> _Task to complete_:
Print the lines below from the line with "Collar Colgante Fénix" to the line with "Miss Olives Southwest" exactly, keeping both ends, and print no pictures.

> _Materials provided_:
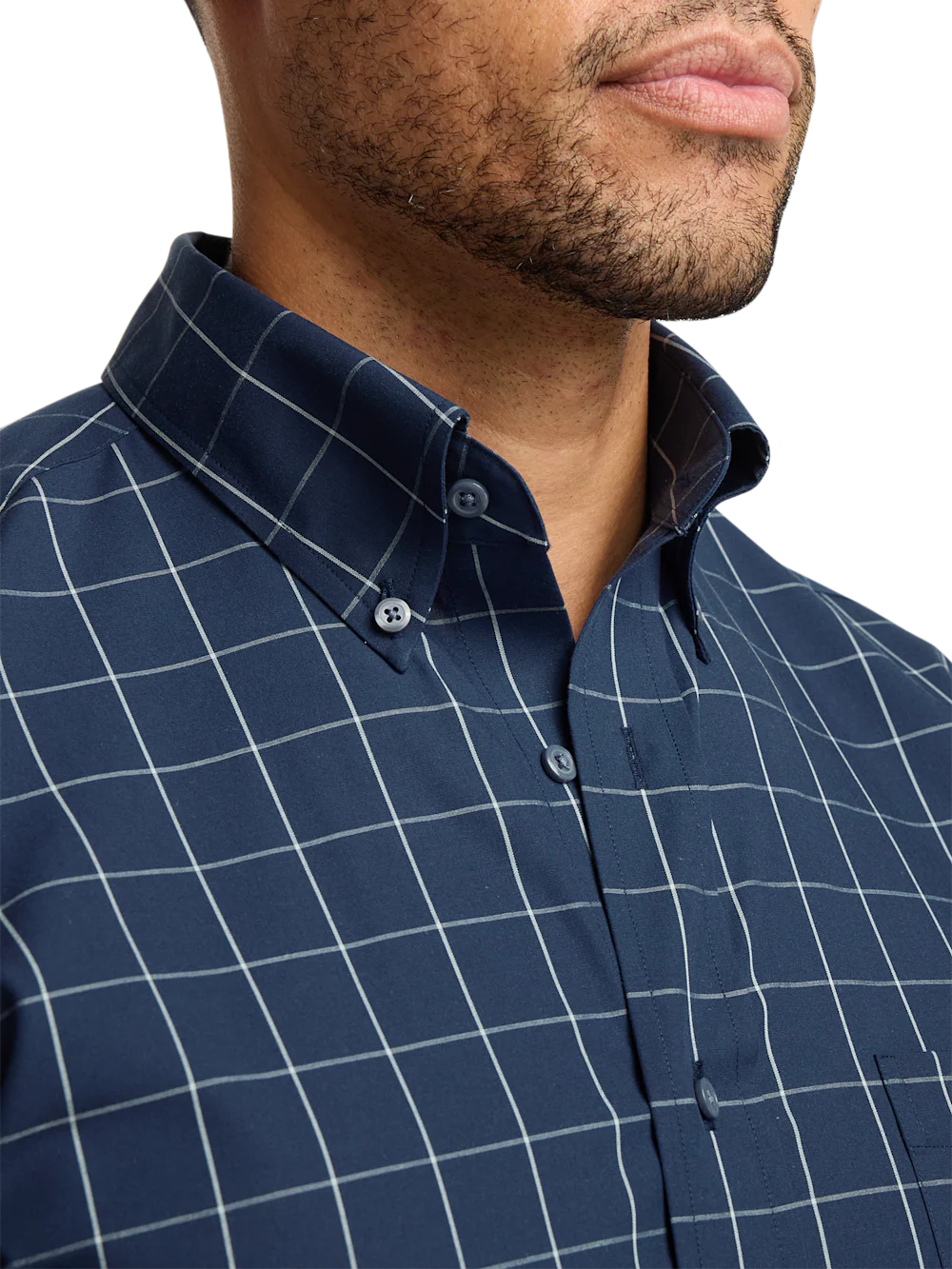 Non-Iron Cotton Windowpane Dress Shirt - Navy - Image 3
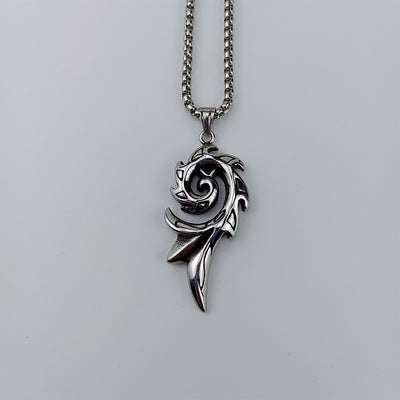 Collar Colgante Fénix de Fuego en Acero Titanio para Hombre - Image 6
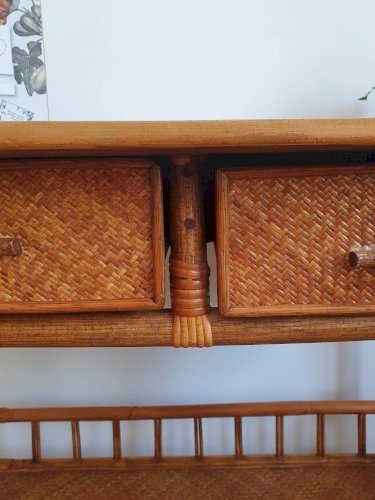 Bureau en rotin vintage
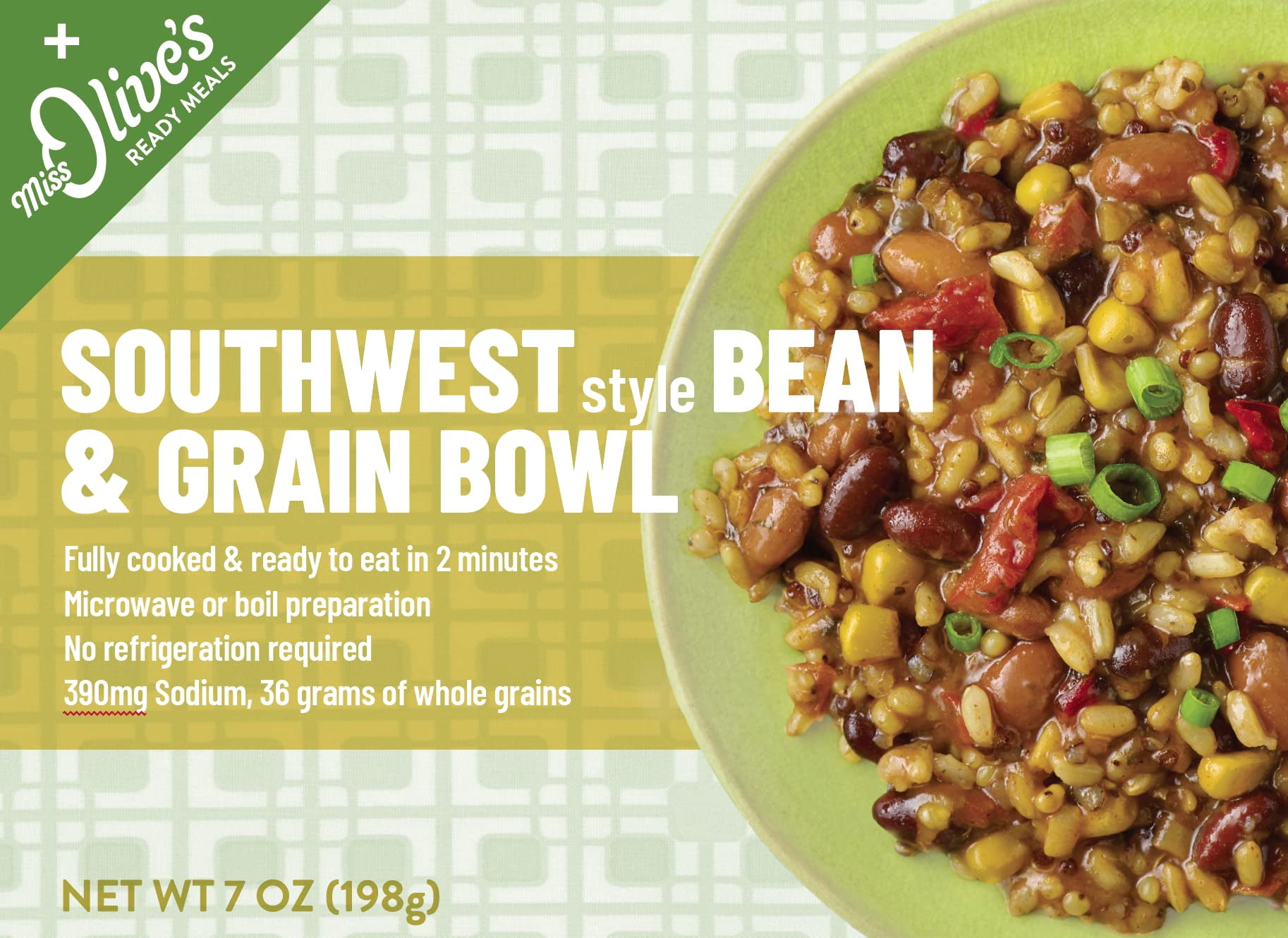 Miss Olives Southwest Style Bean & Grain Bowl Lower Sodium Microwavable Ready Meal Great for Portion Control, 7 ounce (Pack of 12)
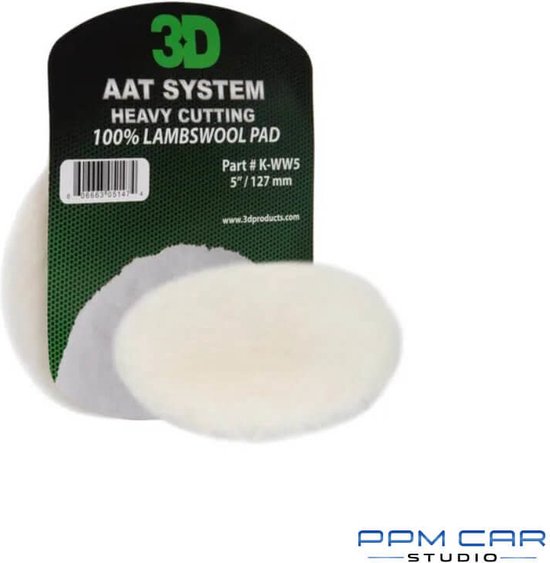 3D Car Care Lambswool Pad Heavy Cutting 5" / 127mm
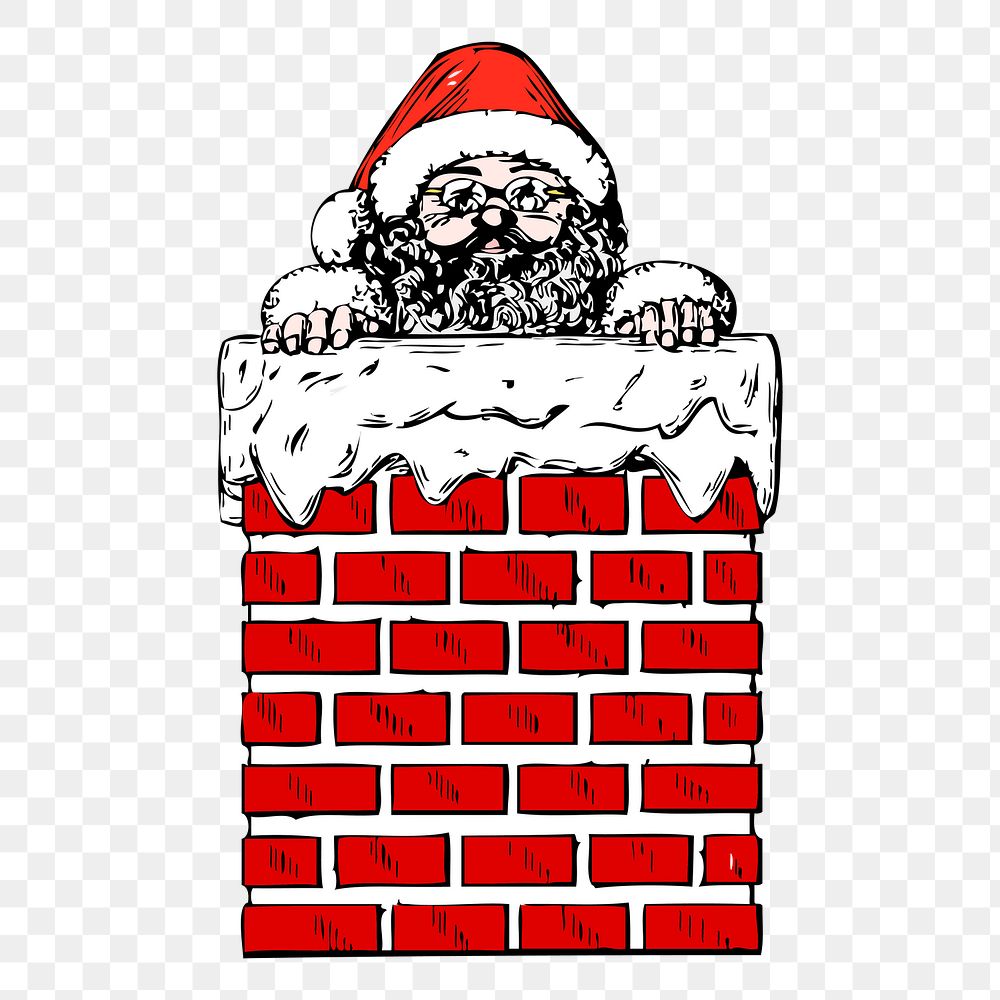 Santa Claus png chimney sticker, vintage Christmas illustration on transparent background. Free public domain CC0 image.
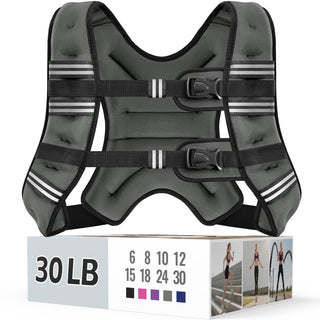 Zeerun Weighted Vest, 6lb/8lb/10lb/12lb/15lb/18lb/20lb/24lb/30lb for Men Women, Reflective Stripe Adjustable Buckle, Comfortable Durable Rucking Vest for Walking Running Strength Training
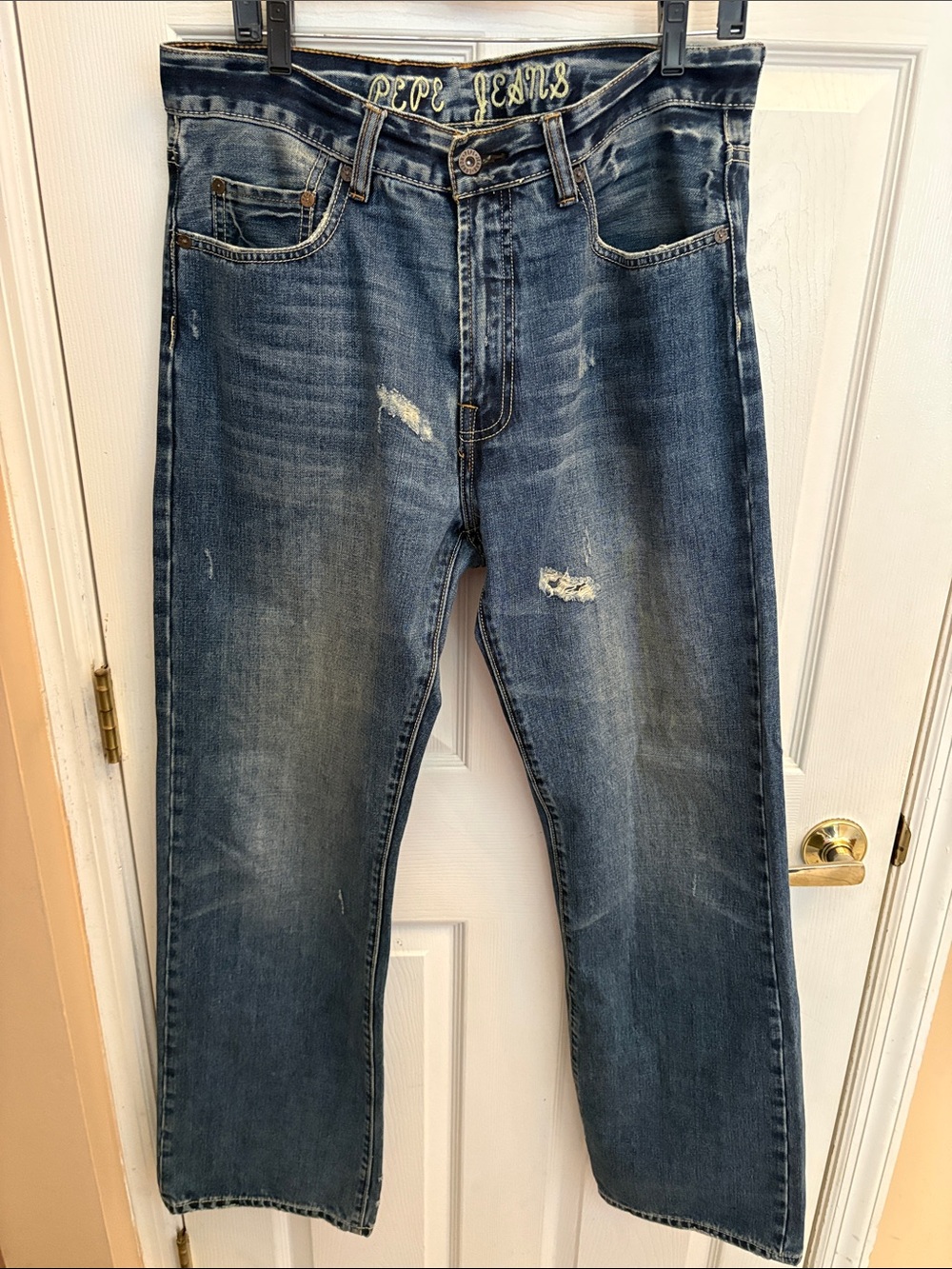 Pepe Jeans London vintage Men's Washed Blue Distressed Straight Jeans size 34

> _Response to the exercise_:
 Collar Colgante Fénix de Fuego en Acero Titanio para Hombre - Image 6
 Bureau en rotin vintage
 Miss Olives Southwest Style Bean & Grain Bowl Lower Sodium Microwavable Ready Meal Great for Portion Control, 7 ounce (Pack of 12)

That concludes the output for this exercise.